In some respects, our findings might reveal a certain coldness, a mean-spirited methodology of knowing things that doesn’t do justify to the human cultural legacy of art and music, adventurousness and audacity. Since, after all, aren’t we all here, now, studying at academic institutions, enrolled at universities, pursuing successful careers, because of our intelligence? Psychometric testing does exist, after all. The scramble for vaunted internships at assessment centres, evidentially scrutinizing our ability to reason and deduce, and the speed of those deductions, do exist. Examinations, of course, do exist. Indeed, meritocracy, promotion in society on ability, does exist both in our thoughts and in our deeds. Surely our intellectual aloofness has no place in these things – that would be all too subjective, for it is nigh impossible to judge creative insight – there, we are warned, lies the way of prejudice, of a dystopia of Orwellian proportions.
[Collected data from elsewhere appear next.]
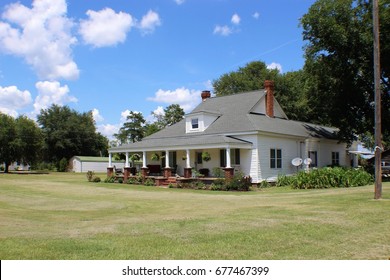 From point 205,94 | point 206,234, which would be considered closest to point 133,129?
point 205,94

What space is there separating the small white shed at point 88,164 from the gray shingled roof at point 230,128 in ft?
125

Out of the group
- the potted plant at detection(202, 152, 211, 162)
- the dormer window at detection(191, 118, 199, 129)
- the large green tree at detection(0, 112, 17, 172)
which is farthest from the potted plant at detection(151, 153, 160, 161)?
the large green tree at detection(0, 112, 17, 172)

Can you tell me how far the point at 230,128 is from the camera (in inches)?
1216

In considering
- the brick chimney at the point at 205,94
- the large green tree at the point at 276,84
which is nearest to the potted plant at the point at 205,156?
the brick chimney at the point at 205,94

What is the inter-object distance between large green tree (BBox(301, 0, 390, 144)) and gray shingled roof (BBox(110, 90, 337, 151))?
358 centimetres

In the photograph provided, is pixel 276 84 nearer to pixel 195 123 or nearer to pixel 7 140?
pixel 195 123

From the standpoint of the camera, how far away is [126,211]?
46.5ft

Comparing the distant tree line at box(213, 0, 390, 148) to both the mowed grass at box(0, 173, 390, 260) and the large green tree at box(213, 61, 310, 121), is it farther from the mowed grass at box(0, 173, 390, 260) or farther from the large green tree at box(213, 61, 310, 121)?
the mowed grass at box(0, 173, 390, 260)

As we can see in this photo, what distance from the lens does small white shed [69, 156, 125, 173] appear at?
240 feet

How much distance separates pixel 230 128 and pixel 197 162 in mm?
3968

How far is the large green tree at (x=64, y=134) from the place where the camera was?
80.3 m

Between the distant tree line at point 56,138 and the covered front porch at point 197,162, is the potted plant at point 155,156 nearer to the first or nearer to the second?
the covered front porch at point 197,162

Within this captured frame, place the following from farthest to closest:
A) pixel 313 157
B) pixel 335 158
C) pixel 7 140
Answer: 1. pixel 7 140
2. pixel 335 158
3. pixel 313 157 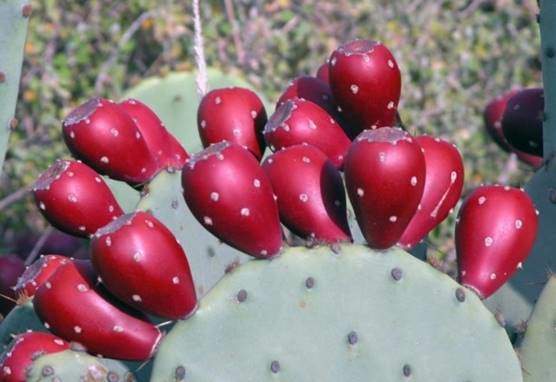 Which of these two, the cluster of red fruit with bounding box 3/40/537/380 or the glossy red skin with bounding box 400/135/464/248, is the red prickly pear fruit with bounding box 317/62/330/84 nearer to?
the cluster of red fruit with bounding box 3/40/537/380

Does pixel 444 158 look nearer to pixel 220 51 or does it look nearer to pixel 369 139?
pixel 369 139

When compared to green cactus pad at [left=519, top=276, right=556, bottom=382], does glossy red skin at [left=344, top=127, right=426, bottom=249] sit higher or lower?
higher

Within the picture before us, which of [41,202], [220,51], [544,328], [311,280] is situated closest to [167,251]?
[311,280]

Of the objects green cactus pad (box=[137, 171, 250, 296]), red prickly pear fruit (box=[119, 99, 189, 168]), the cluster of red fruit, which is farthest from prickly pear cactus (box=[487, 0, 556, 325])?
red prickly pear fruit (box=[119, 99, 189, 168])

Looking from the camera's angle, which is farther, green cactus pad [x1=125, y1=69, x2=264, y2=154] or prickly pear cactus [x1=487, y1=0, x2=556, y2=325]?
green cactus pad [x1=125, y1=69, x2=264, y2=154]

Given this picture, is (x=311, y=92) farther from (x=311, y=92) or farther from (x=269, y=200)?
(x=269, y=200)

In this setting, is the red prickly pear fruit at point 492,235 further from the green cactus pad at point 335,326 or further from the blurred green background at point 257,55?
the blurred green background at point 257,55

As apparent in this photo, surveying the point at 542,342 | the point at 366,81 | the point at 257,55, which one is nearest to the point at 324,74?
the point at 366,81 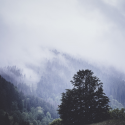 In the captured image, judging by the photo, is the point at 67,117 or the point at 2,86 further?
the point at 2,86

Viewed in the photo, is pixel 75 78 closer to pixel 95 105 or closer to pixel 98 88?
pixel 98 88

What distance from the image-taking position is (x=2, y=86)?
358ft

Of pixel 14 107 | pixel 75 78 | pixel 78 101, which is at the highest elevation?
pixel 75 78

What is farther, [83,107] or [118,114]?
[83,107]

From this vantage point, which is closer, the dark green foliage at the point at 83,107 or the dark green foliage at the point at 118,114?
the dark green foliage at the point at 118,114

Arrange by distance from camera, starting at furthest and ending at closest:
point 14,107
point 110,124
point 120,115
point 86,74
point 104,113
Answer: point 14,107 → point 86,74 → point 104,113 → point 120,115 → point 110,124

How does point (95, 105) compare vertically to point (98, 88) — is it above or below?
below

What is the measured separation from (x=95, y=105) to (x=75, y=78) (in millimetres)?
6982

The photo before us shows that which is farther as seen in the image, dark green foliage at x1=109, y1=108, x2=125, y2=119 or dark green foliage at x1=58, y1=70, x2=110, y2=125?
dark green foliage at x1=58, y1=70, x2=110, y2=125

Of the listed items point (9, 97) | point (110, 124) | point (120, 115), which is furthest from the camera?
point (9, 97)

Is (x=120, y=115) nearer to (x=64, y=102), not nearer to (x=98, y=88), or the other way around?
(x=98, y=88)

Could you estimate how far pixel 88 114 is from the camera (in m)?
21.6

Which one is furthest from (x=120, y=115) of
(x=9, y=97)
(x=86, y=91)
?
(x=9, y=97)

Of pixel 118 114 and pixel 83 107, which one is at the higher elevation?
pixel 118 114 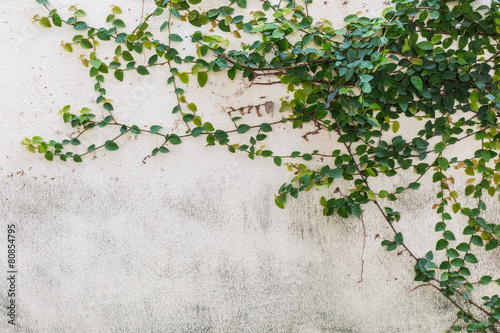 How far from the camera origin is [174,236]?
1.69m

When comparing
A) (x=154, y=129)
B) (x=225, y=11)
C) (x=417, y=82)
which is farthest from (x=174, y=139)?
(x=417, y=82)

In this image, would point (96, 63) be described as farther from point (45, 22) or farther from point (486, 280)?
point (486, 280)

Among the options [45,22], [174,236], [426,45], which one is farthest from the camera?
[174,236]

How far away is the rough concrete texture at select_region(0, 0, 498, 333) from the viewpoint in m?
1.63

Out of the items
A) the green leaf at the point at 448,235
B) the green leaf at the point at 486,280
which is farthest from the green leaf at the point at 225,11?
the green leaf at the point at 486,280

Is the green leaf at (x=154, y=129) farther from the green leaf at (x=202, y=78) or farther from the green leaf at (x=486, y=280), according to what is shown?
the green leaf at (x=486, y=280)

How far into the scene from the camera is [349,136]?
1.57 meters

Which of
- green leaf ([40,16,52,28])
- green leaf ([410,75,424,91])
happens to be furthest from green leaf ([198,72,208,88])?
green leaf ([410,75,424,91])

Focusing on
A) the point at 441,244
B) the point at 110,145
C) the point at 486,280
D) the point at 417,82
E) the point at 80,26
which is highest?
the point at 80,26

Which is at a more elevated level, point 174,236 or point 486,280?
point 174,236

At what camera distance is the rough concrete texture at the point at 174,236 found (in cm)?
163

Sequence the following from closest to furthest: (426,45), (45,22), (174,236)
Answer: (426,45), (45,22), (174,236)

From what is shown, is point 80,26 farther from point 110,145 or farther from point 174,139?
point 174,139

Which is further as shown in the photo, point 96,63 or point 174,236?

There is, nevertheless, danger in such dismissal; it is a trap into which we fall, not unlike those semantic snags into which we so easily stumble. Quantifying intelligence is achievable, with varying degrees of accuracy, yet the same cannot be said of our intellect. The latter is as unique as our personality, the formation of our knowledge in a quite spectacular way as to give way to a wisdom that goes far beyond the conventional benefits of intelligence alone. Many intelligent minds gift this world, yet only a fraction is adopted into the legacy of human intellect. The mistake would be to think it is pre-determined. We limit ourselves with our diagnostic, quantitative theory of knowledge – but we can break free of those restraints. Thinking with creativity, with passion, and with an all-encompassing appreciation for what is past as well as present, the journey to knowledge can be just that – an adventure stretching outwards conceptually, not to assert ourselves amongst others, but to operate in a frame of mind fitting of academic institutions in any place, in any time.